Polytomous Rasch would be a great choice when the latent space is fundamentally unobservable. For instance, if I were asking Mechanical Turk to rate people's attractiveness, I wouldn't care much about the magnitudes of the latent variables $\beta_j$, only their relative order, deciles, etc. After all there is no objective sense in which someone is actually a 7''. However in my case there is an actual true age associated with the subject of each photo and using polytomous Rasch directly would leave me with the problem of relating the scalar latent value $\beta_j$ to the true age bucket $Z_j$ (which so far does not appear in the likelihood term at all). To circumvent this problem I'll force the relationship between the two, $\beta_j = \alpha_j Z_j$, where $\alpha_j > 0$ is a per-image scaling parameter. I'll scale the $\tau$ by the same $\alpha_j$ to ease the prior specification, in which case $\alpha_j$ is essentially an image difficulty parameter. Now my label likelihood is given by \begin{aligned} P (L_{ij} = l > 0 | Z_j, \alpha_j, \tau_i) &= \frac{\exp \left( \sum_{k=1}^l \alpha_j (Z_j - \tau_{ik}) \right)}{1 + \sum_{x=1}^{|K|} \exp \left( \sum_{k=1}^x \alpha_j (Z_j - \tau_{ik}) \right)}, \\ P (L_{ij} = l = 0 | Z_j, \alpha_j, \tau_i) &= \frac{1}{1 + \sum_{x=1}^{|K|} \exp \left( \sum_{k=1}^x \alpha_j (Z_j - \tau_{ik}) \right)}. \end{aligned} Now I can reuse the same strategies from nominallabelextract, optimizing $Z_j$ in an E step and
the other parameters in an M step. I'll also introduce a hyperprior over $\tau$ and $\alpha$ for reasons analogous to the nominal case. The complete model looks like this: \begin{aligned} \gamma_k &\sim N (k - \frac{1}{2}, 1), \\ \tau_{ik}&\sim N (\gamma_k, 1), \\ \kappa &\sim N (1, 1), \\ \log \alpha_j &\sim N (\kappa, 1), \\ P (L_{ij} = l | Z_j, \alpha_j, \tau_i) &\propto \exp \left(\sum_{k=1}^l \alpha_j (Z_j - \tau_{ik}) \right). \end{aligned} The $1/2$ in the prior term is because the thresholds are where the probability of label emission is equal between $(k - 1)$ and $k$.

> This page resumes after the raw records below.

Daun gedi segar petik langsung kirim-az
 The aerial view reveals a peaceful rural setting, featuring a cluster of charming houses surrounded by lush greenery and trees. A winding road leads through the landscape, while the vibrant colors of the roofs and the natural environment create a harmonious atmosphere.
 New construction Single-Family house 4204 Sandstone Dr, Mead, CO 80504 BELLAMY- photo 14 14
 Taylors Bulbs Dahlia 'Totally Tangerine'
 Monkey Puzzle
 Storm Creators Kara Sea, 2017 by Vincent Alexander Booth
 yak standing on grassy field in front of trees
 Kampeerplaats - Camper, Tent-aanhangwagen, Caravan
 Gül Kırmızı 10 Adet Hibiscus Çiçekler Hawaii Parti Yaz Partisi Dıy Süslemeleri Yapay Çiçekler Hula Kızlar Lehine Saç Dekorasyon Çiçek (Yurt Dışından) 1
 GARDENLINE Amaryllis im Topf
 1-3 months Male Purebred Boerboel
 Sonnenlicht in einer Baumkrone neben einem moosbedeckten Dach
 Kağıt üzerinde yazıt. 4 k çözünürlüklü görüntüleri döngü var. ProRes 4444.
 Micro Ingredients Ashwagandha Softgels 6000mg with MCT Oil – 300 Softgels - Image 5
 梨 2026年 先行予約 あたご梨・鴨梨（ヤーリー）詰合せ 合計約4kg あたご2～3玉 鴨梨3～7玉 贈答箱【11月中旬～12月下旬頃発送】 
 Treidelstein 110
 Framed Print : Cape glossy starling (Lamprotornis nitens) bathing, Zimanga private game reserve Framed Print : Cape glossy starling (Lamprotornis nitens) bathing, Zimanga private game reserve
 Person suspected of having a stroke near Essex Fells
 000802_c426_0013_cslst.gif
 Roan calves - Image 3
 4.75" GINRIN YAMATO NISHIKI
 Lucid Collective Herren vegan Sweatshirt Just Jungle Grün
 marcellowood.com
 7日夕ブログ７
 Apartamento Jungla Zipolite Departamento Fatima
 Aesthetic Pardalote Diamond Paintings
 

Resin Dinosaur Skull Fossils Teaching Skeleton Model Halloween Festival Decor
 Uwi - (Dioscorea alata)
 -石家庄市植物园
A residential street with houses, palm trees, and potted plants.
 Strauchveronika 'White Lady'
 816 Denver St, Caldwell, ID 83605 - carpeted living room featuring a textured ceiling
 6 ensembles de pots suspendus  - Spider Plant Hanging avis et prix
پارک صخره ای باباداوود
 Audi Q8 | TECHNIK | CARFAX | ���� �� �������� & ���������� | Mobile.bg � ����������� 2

It is interesting to compare the number of parameters in the model I use to extract nominal labels versus this model for ordinal labels. If there are $|I|$ raters, $|J|$ images, and $|K|$ labels, the nominal model has $O (|I| |K^2| + |J|)$ parameters, whereas the ordinal model has $O (|I| |K| + |J|)$ parameters. The reduction in parameters is due to the assumption that the total ordering of the answers is salient to the raters and affects the likely errors that they make.

There is one remaining issue that I have not resolved to my satisfaction. In any data set there is always garbage, so I like to give Mechanical Turkers an "I don't know" option. When modeling the label emission as nominal, this is just another answer, but when modeling the labels as ordinal this is a problem because this answer cannot be compared to the other answers. I suspect there is a way to extend the above model so that the label space has an additional label which does not participate in the ordering, but for now I'm just discarding any ratings where the worker selects "I don't know". If every worker says "I don't know" I'll end up with the prior distribution on labels for that image, and if some number of workers says "I don't know" that should cause the posterior distribution of labels to be closer to the prior for that image, so I think this is reasonable, but I'll see when I try to use the labels for training a classifier.

I'm implemented the above model as ordinallabelextract in the nincompoop project.